Isker has said that he believes Jews should be treated as second-class citizens because, in his view, “this country belongs to Jesus,' but the pair issued a statement denying that were anti-Semitic.
“We deny accusations of anti-Semitism and see them as evidence that there is no actual story here, but merely the obsession of an activist journalist in the midst of Legacy Media’s decline,” Isker and Engel told the TV station in a written statement.
"From time to time we have guests on our podcast that we think will be interesting to our audience," they added. "We don't share all their views on every topic."
Tuchman isn't buying their explanation, however.

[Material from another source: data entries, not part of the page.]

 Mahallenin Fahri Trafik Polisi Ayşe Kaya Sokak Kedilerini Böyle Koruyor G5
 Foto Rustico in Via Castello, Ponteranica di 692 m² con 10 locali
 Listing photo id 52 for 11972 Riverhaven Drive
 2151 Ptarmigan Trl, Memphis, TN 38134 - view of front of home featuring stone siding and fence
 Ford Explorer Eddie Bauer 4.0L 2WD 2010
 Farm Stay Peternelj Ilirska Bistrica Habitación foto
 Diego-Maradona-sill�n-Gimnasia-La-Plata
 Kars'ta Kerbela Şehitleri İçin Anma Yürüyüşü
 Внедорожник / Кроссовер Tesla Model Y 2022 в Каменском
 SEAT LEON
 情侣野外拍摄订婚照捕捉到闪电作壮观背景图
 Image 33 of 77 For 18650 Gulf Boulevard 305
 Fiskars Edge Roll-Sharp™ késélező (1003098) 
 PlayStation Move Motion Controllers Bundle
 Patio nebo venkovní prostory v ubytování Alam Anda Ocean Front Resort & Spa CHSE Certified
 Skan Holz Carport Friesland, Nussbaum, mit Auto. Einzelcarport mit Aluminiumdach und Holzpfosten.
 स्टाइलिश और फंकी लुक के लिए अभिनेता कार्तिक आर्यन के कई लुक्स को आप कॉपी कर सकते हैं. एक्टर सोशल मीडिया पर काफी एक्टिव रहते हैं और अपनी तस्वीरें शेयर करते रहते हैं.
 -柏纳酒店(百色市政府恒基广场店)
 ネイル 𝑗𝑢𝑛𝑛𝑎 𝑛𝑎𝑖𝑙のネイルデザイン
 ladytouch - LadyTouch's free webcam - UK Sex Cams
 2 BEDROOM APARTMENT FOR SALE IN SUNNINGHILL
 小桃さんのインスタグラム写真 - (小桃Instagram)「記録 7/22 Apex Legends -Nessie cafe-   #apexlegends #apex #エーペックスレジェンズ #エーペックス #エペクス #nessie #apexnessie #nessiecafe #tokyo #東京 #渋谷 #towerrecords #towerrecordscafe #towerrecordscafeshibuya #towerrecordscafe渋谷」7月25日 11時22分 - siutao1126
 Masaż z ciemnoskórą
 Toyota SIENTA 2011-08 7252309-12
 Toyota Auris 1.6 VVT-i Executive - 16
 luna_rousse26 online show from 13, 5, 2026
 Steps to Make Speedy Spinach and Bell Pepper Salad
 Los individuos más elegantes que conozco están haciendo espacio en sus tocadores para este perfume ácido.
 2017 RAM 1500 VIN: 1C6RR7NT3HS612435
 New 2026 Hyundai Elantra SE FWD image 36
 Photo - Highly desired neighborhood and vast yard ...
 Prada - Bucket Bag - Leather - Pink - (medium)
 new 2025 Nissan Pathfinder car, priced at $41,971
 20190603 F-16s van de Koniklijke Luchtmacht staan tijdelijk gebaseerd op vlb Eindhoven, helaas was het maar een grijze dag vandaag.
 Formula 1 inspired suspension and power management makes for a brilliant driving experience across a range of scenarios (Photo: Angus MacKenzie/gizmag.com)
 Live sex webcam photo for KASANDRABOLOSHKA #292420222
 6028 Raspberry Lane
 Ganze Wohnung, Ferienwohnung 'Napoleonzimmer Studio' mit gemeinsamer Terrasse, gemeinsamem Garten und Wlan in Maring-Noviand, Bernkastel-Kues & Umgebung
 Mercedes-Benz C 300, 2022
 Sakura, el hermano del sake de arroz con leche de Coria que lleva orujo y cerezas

"I believe it says quite a bit about the willingness of these people to essentially raise up an anti-Semite and essentially create an on-ramp for their viewers to engage further with Mr. Unz and his ideas," Tuchman said.
Isker and Engel argued that Unz cannot be anti-Semitic because he claims to be Jewish himself, and Tuchman said that explanation is absurd.
“It's a pathetic and laughable defense that anti-Semites use when they are called out," Tuchman said.
Isker and Engel moved to Tennessee with aims of creating a community so-called "Heritage Americans," who are depicted in their social media posts with images of Norman Rockwell's idyllic depictions of midcentury life, and they have explicitly stated their longing for the American way of life before women joined the workforce and civil rights "ruined everything."
The real estate component of their Jackson County project is led by two related companies, New Founding and RidgeRunner, which started with an initial project in nearby Burkesville, Kentucky, before launching the Tennessee phase last year.